AIline

ML experiment lineage tracker with snapshot-based reproducibility.

Documentation

Landing docs (this repo): landing-docs/ailine/index.html
Web docs source pages: landing-docs/ailine/
Core tracking contract: docs/track-contract.md
Reproducibility contract: docs/repro-contract.md

AIline captures the exact code that produced an experiment — including uncommitted changes — alongside DVC-managed data and MLflow run metadata, so past experiments can be inspected and (eventually) re-run with confidence.

Install (editable / development)

poetry install
# or, with pip
pip install -e .

Quick start (your own project)

pip install ailine-core                             # or: poetry add --group dev ailine-core
cd /path/to/your/repo
ailine init-workspace                               # writes default .ailine.yml + .ailineignore
ailine doctor                                       # green-light all checks
ailine track -- python train.py --epochs 5          # run + record
ailine status --verbose                             # see what was captured

Releases are published to PyPI when a v*.*.* tag is pushed (see .github/workflows/release.yml).

ailine track -- is the primary, no-magic interface.

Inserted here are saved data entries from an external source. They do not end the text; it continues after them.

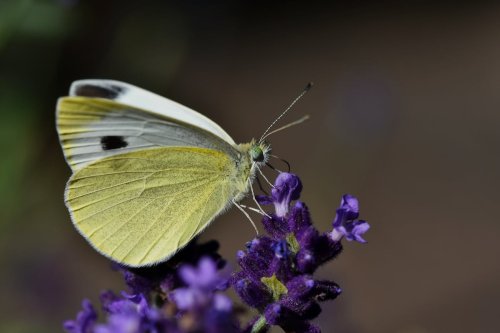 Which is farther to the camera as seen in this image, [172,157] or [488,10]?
[488,10]

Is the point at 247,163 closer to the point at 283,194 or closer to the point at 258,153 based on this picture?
the point at 258,153

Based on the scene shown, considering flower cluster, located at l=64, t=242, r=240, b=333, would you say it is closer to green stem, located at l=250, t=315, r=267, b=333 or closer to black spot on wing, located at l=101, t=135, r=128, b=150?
green stem, located at l=250, t=315, r=267, b=333

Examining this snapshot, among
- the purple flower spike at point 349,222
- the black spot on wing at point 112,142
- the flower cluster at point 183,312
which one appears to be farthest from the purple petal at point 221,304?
the black spot on wing at point 112,142

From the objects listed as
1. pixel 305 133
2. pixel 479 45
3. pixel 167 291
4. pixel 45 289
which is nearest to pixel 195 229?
pixel 167 291

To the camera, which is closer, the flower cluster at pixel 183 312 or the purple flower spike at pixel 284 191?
the flower cluster at pixel 183 312

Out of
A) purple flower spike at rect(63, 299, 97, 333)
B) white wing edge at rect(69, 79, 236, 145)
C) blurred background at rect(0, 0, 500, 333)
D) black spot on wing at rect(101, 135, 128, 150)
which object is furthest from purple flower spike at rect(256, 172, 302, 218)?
blurred background at rect(0, 0, 500, 333)

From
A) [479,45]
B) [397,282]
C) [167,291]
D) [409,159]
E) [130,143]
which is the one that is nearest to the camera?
[167,291]

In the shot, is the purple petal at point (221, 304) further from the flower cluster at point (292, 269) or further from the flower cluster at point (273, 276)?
the flower cluster at point (292, 269)

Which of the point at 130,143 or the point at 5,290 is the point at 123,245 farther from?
the point at 5,290

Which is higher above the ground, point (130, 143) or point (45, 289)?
point (130, 143) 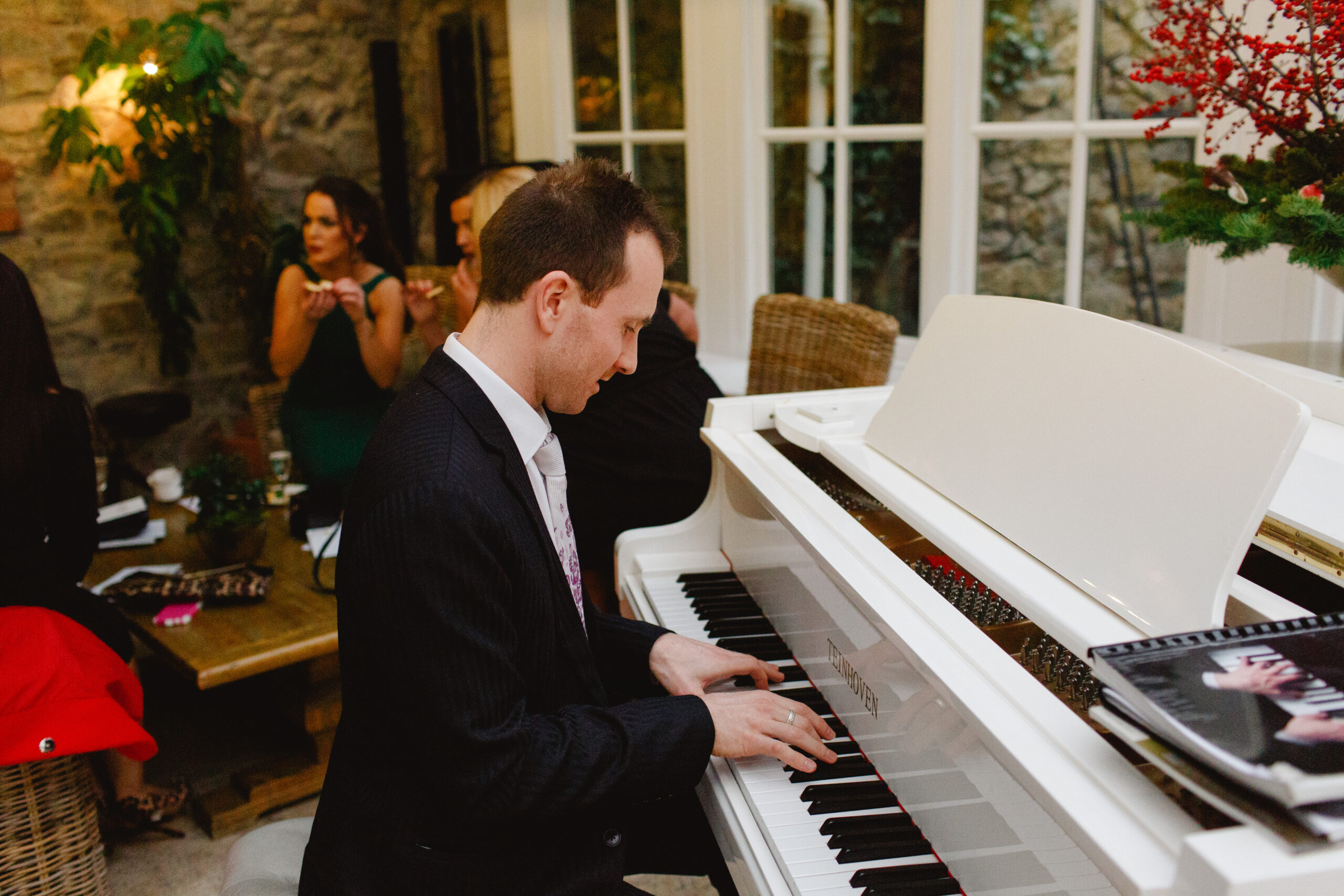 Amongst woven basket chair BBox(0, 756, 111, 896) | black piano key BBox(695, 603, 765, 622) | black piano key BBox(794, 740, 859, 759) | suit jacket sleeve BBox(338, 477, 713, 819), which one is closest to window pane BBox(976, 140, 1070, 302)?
black piano key BBox(695, 603, 765, 622)

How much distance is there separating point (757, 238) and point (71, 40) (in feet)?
8.79

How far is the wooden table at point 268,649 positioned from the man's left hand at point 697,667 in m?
1.08

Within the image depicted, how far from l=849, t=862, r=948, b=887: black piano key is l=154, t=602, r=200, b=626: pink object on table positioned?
1794 millimetres

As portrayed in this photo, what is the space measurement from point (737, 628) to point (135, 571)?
168 cm

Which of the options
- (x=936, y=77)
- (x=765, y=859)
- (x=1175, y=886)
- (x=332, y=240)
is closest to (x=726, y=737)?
(x=765, y=859)

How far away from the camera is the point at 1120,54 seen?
2.78 m

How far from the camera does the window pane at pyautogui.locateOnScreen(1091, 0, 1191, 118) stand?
2664mm

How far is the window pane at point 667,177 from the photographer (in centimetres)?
383

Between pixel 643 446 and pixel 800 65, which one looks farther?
pixel 800 65

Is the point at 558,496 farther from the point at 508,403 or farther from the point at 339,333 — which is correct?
the point at 339,333

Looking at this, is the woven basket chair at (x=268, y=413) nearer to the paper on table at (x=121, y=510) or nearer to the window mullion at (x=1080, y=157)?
Result: the paper on table at (x=121, y=510)

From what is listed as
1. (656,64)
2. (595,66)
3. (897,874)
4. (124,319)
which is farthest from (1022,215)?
(124,319)

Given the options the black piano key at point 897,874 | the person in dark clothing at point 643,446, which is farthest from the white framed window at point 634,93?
the black piano key at point 897,874

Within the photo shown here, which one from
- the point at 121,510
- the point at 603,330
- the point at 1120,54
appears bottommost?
the point at 121,510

It snapshots dirty state, records DVC linkage + environment fingerprint + the exact argv, runs your command in the repo root, and propagates the exit code. Your training script keeps full ownership of MLflow runs (track.mlflow.mode: inherit). See docs/track-contract.md for the schema.

Demo / tutorial flow

The legacy "clone a sample repo and pretend-train" flow is still available behind explicit *-demo commands:

ailine init-demo <git_repo_url>     # clone into ./repo
ailine run --script train.py        # demo: wraps in MLflow, records snapshot
ailine reset-demo                   # remove ./repo, DB, mlruns/

CLI command summary

Command	Purpose
`ailine init-workspace [--force]`	Bootstrap the pip-install workflow: write a default `.ailine.yml` and ensure state directories. No clone.
`ailine doctor [--json] [--strict] [--config PATH]`	Validate `.ailine.yml` and the local environment. The single source of truth for "is my setup OK".
`ailine track [--config PATH] [--run-name NAME] [--name NAME] -- <argv...>`	Run a command under AIline tracking. The argv after `--` is executed verbatim from the repo root. The lineage row is published with `status=in_progress` before the child starts (and the MLflow run id, in `wrap` mode, is printed alongside) so live runs are visible in `ailine status` and the web UI from second zero. Snapshot location is configured via `snapshot.storage_dir` in `.ailine.yml` (or `AILINE_STORAGE_DIR`).
`ailine restore <snapshot_id> [--config PATH] [--dry-run] [--force]`	Restore the worktree to the exact state captured by `<snapshot_id>` (strict sync: extra files in scope are removed; `.git` and `.ailine` are always preserved). Aborts on a dirty worktree unless `--force`; `--dry-run` previews the write/delete plan without touching the filesystem.
`ailine status [--verbose]`	List recorded runs: default output includes full `record_id` and `parent` lines (copy/paste for restore); `--verbose` dumps all fields. Errors clearly when the DB does not exist yet.
`ailine serve`	Start the MLflow UI subprocess and the Flask app together (ports 5001 and 5000).
`ailine remove <id> [--with-mlflow true\|false] [--dry-run] [--config PATH]`	Delete one lineage record and its on-disk fan-out (manifest, metadata, diff, plus content-addressed objects only this row owned). `--with-mlflow` overrides `cleanup.remove.with_mlflow` from `.ailine.yml` (default `false`). `--dry-run` prints the plan without changes.
`ailine purge [--dry-run] [--config PATH]`	Remove all AIline state and workspace config from the project: `.ailine/`, `.ailine.yml`, `.ailineignore`, plus any non-default snapshot `storage_dir` configured outside `.ailine/`. Leaves `mlruns/` and `repo/` untouched. Asks `Confirm? [y/N]` before deleting; `--dry-run` skips the prompt and prints the plan only.
`ailine init-demo <repo_url>`	Clone a sample repo into `./repo` and persist the URL in `ailine_config.txt` (tutorial flow).
`ailine run --script <s> [--dataset <d>] [--dvc-add] [--name NAME]`	Demo wrapper around `track` that hard-codes `./repo` and forces `mlflow.mode=wrap`.
`ailine reset-demo`	Delete demo artifacts (`./repo`, DB, `mlruns/`, default snapshot dir, `temp_*`).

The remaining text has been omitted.